### MATERIAL PROVIDED
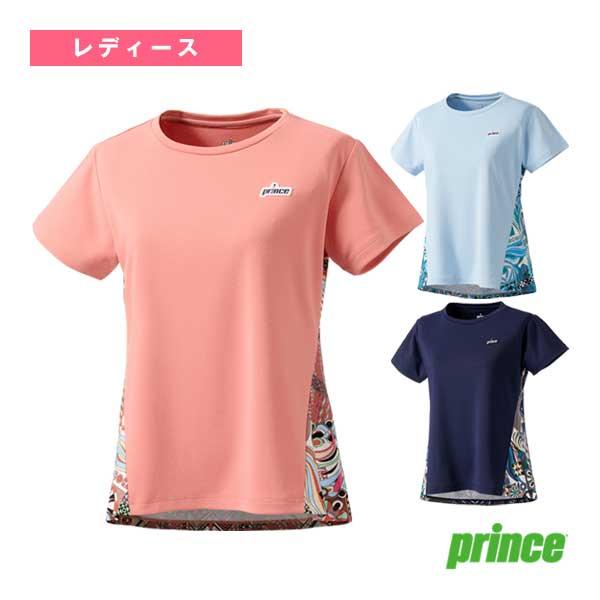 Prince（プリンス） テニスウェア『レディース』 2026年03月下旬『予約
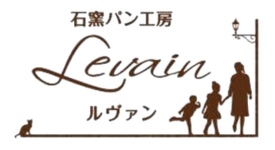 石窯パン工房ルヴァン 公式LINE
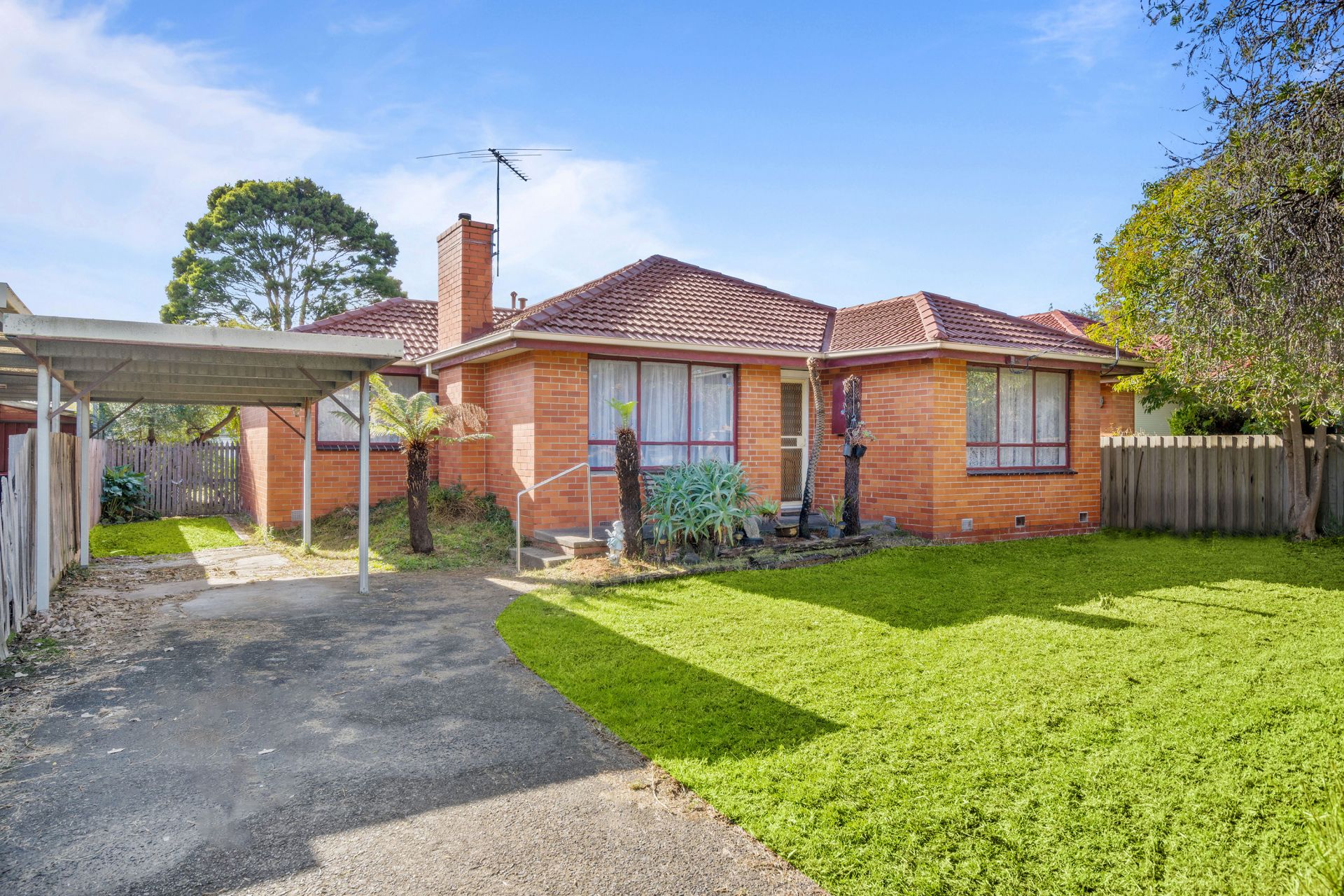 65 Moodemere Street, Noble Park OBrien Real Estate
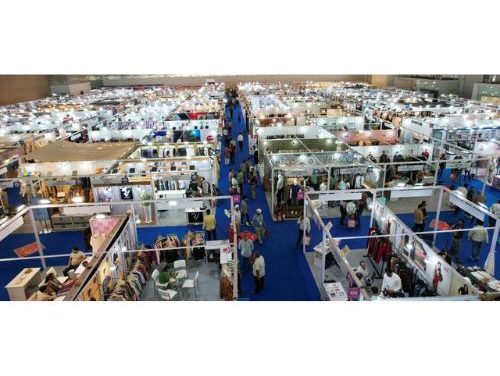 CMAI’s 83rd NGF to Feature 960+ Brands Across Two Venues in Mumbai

### WHAT YOU WILL DO
Copy out all the data exactly; skip the pictures.

### PROBLEM SOLUTION
 Prince（プリンス） テニスウェア『レディース』 2026年03月下旬『予約
 石窯パン工房ルヴァン 公式LINE
 65 Moodemere Street, Noble Park OBrien Real Estate
 CMAI’s 83rd NGF to Feature 960+ Brands Across Two Venues in Mumbai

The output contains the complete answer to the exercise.